DATA FOR REVIEW:
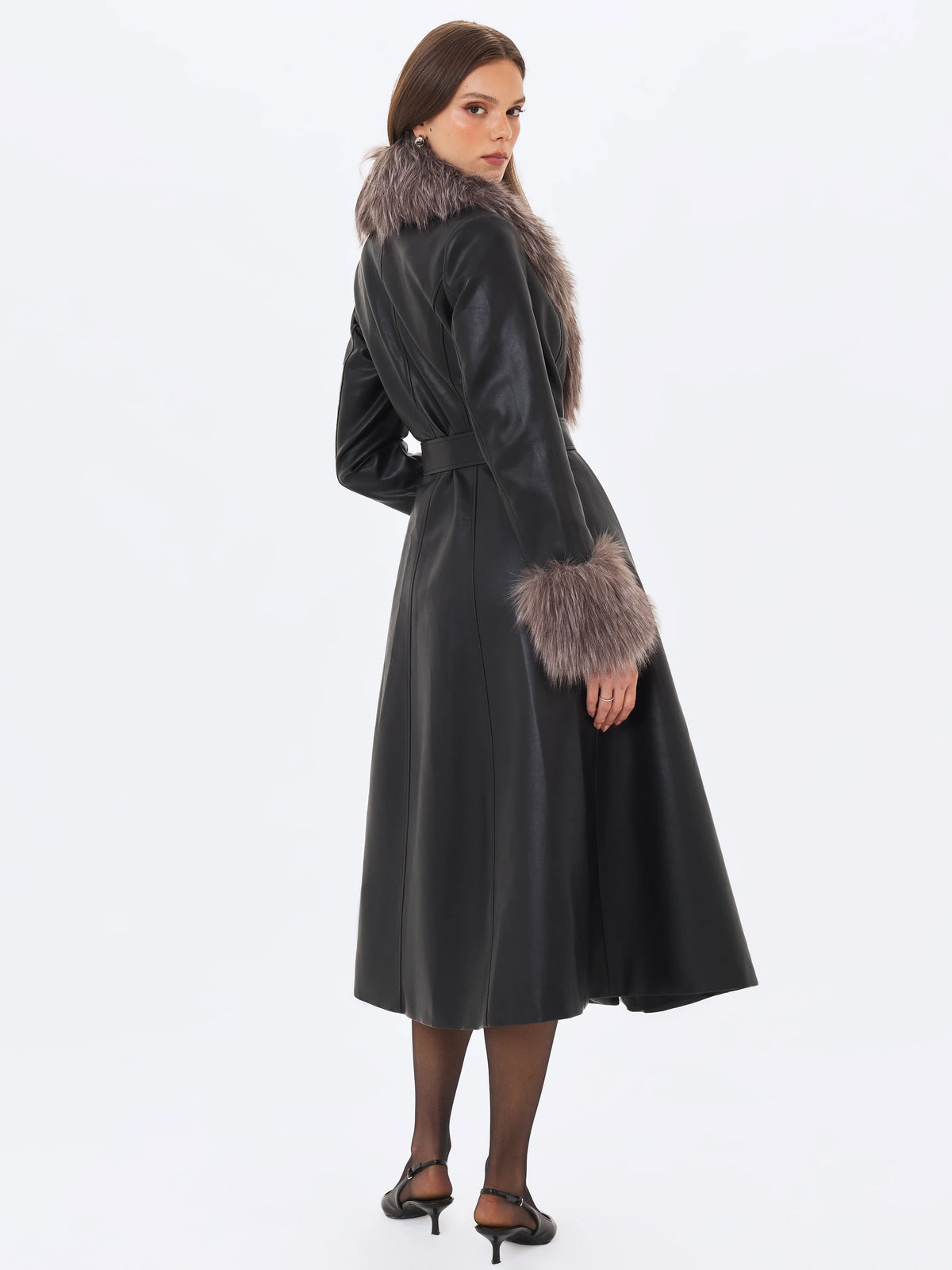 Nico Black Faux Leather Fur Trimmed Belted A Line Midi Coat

--

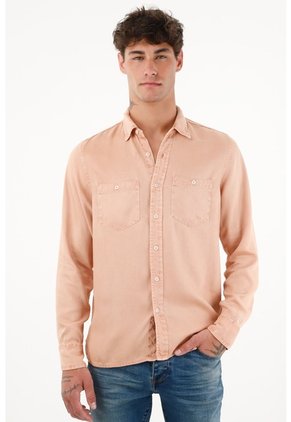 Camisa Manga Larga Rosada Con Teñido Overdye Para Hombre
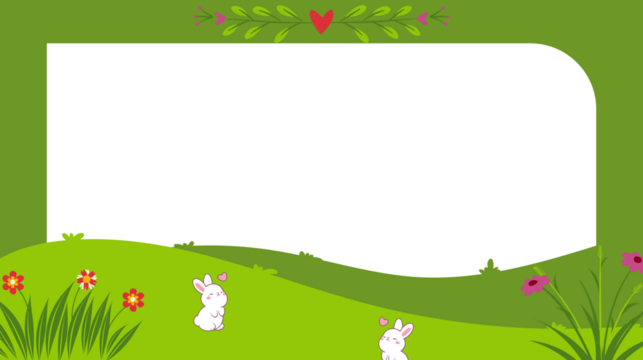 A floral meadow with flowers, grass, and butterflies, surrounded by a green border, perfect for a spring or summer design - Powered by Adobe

* * *

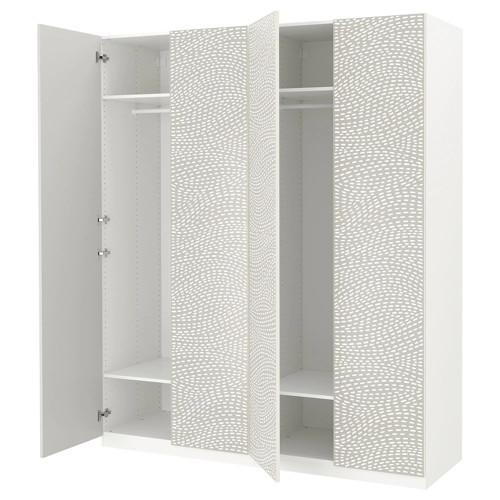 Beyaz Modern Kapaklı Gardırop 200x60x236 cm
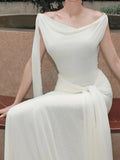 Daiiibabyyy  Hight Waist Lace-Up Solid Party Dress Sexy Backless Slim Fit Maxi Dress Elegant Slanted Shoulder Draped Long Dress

WHAT IS EXPECTED: Copy nothing but the lines above from the one with "Beyaz Modern Kapaklı Gardırop 200x60x236 cm" to the one with "Draped Long Dress", inclusive, word for word. Leave every picture out.

EXERCISE ANSWER:
 Beyaz Modern Kapaklı Gardırop 200x60x236 cm
 Daiiibabyyy  Hight Waist Lace-Up Solid Party Dress Sexy Backless Slim Fit Maxi Dress Elegant Slanted Shoulder Draped Long Dress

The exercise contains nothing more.